6 minute read

The paper introduces Gemmini, an open-source tool for creating DNN accelerators. Gemmini generates a diverse range of efficient ASIC accelerators using a flexible architectural template. It also provides adaptable programming stacks and complete SoCs with shared resources to capture system-level impacts. Gemmini-generated accelerators have been fabricated and demonstrate significant speed improvements, up to three orders of magnitude faster than high-performance CPUs, across various DNN benchmarks.

Paper Summary

In recent years, deep neural networks (DNNs) have become increasingly popular across various fields like computer vision, machine translation, and robotic manipulation. However, achieving high performance and low energy consumption when running complex DNNs can be tough without specialized accelerators, which are both costly and intricate to create. To address this, there’s a growing need for affordable and efficient hardware design solutions. This has spurred numerous research initiatives aimed at developing adaptable and modular hardware generators for DNN accelerators and other hardware components.

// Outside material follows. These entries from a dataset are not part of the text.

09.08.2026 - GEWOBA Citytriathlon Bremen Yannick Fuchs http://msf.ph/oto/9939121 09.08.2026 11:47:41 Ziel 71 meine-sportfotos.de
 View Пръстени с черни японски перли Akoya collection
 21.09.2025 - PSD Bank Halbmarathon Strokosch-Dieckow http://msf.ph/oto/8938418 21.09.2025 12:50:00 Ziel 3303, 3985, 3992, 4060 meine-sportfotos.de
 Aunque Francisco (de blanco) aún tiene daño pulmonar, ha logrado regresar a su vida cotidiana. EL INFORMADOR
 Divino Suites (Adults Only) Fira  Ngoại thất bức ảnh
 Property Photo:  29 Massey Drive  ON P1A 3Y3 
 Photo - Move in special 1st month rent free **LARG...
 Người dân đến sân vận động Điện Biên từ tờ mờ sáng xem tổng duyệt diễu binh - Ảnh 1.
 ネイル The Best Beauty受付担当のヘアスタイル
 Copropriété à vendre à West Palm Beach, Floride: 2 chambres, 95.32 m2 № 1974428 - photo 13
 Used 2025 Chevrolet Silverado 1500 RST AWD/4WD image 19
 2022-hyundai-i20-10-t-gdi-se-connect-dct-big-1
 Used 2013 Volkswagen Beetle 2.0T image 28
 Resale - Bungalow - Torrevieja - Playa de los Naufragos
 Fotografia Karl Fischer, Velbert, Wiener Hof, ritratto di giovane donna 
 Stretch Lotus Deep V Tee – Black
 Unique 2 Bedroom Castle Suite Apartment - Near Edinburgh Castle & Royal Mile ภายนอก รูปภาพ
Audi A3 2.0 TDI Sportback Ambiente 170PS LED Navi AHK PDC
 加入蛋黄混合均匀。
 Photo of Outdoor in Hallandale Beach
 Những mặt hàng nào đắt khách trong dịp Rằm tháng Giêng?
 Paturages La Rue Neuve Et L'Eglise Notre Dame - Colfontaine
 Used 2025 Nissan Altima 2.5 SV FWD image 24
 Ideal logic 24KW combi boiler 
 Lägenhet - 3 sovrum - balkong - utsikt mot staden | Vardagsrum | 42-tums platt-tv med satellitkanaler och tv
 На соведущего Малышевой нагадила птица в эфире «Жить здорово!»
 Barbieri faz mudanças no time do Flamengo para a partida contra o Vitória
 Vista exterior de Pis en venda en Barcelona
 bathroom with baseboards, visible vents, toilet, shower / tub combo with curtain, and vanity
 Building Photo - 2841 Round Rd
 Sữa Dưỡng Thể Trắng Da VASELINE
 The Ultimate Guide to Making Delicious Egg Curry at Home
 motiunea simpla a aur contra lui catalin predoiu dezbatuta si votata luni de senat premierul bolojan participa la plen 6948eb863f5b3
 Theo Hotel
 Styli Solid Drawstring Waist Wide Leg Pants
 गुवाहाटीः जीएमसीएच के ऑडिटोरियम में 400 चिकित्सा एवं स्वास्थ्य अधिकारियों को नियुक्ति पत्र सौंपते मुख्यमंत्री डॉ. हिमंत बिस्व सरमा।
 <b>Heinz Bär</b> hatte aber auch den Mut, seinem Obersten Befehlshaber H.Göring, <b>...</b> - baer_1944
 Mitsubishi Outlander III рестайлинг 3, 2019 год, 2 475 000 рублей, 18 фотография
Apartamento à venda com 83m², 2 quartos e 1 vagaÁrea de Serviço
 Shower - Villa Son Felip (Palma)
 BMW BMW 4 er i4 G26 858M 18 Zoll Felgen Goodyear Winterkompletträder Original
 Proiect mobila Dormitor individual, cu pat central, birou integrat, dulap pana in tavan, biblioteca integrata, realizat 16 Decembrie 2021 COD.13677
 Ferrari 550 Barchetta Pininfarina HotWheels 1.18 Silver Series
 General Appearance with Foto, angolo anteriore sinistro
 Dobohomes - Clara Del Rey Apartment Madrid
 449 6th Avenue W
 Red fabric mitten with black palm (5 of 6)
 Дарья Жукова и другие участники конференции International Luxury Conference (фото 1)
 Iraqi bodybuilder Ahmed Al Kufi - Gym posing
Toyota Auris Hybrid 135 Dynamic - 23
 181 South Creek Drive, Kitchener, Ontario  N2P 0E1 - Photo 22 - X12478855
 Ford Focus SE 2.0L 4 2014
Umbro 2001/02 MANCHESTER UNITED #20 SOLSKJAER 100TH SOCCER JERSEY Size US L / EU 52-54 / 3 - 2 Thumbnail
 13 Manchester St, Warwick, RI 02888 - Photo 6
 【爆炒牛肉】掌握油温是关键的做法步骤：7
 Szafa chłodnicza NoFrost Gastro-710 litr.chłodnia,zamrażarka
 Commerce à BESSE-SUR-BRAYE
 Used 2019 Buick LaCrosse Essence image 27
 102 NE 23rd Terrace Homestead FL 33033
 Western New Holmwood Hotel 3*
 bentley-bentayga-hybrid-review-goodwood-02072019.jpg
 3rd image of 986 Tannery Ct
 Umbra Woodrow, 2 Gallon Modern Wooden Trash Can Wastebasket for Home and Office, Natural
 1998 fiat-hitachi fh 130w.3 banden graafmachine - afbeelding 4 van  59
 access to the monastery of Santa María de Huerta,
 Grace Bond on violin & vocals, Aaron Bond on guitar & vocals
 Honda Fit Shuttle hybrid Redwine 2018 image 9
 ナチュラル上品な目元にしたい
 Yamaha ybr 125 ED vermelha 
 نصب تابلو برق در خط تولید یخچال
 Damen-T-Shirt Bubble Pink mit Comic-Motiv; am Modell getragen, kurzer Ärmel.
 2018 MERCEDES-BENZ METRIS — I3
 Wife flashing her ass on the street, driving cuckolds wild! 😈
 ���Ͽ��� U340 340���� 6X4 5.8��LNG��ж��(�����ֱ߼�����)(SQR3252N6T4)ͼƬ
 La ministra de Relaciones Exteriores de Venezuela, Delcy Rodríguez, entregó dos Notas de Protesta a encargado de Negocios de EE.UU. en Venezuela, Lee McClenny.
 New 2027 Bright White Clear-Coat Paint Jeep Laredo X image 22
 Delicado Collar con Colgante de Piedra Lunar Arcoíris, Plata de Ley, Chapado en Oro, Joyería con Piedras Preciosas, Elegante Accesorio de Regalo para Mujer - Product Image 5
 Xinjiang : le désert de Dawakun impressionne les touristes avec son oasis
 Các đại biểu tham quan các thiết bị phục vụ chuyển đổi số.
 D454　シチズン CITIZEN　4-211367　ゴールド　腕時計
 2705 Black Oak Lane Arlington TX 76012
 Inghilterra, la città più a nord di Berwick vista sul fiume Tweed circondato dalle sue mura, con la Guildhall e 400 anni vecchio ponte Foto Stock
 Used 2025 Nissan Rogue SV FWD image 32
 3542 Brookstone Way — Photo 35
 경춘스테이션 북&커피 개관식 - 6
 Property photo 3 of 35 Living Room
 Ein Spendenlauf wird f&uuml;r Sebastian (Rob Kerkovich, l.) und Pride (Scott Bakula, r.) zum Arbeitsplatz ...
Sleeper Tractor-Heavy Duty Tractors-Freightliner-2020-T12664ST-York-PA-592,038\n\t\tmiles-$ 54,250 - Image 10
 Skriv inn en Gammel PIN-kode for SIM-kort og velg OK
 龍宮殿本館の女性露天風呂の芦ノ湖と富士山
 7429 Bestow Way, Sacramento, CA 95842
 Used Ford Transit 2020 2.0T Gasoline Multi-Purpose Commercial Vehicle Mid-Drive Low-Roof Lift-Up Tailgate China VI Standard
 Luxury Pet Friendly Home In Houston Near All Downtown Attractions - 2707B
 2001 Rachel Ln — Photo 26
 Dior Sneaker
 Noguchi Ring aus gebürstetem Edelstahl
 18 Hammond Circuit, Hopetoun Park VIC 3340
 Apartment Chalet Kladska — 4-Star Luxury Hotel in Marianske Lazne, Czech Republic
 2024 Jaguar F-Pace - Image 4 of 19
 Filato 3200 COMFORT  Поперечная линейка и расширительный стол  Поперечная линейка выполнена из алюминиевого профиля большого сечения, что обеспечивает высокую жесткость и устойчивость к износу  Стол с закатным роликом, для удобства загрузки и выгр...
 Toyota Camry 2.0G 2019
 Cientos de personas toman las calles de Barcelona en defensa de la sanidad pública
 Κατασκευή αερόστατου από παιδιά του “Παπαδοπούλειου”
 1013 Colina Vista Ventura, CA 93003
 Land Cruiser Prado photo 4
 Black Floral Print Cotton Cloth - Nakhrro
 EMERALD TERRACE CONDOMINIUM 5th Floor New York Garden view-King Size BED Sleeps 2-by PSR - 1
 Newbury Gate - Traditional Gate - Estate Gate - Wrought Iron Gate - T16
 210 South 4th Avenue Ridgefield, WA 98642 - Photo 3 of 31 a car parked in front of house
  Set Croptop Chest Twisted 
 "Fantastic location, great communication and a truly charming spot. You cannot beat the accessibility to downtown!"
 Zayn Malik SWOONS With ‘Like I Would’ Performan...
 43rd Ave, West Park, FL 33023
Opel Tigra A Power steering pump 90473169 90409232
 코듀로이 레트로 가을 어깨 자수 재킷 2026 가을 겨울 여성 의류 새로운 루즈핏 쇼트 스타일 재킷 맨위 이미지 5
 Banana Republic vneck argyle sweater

While hardware generator initiatives simplify the creation of DNN accelerators, they often concentrate solely on designing the accelerator component. This overlooks system-level factors crucial for the overall system-on-chip (SoC) and complete software stack. Certain industry viewpoints advocate for a comprehensive approach to DNN accelerator development and deployment. However, current DNN generators lack robust support for a complete programming interface covering both high and low-level accelerator control, as well as limited support for full SoC integration. This deficiency makes it difficult to assess system-level impacts accurately.

In this study, Gemmini is introduced as an open-source DNN accelerator generator designed for DNN workloads. It facilitates end-to-end implementation and evaluation of custom hardware accelerator systems for rapidly evolving DNN tasks. Gemmini’s hardware template and parameterization empower users to fine-tune hardware design options across performance, efficiency, and extensibility parameters. In contrast to existing DNN accelerator generators that focus solely on standalone accelerators, Gemmini provides a comprehensive solution covering both hardware and software stacks, as well as complete SoC integration compatible with the RISC-V ecosystem. Additionally, Gemmini implements a multi-level software stack with a user-friendly programming interface catering to diverse programming requirements, and it seamlessly integrates with Linux-capable SoCs, allowing execution of any arbitrary software.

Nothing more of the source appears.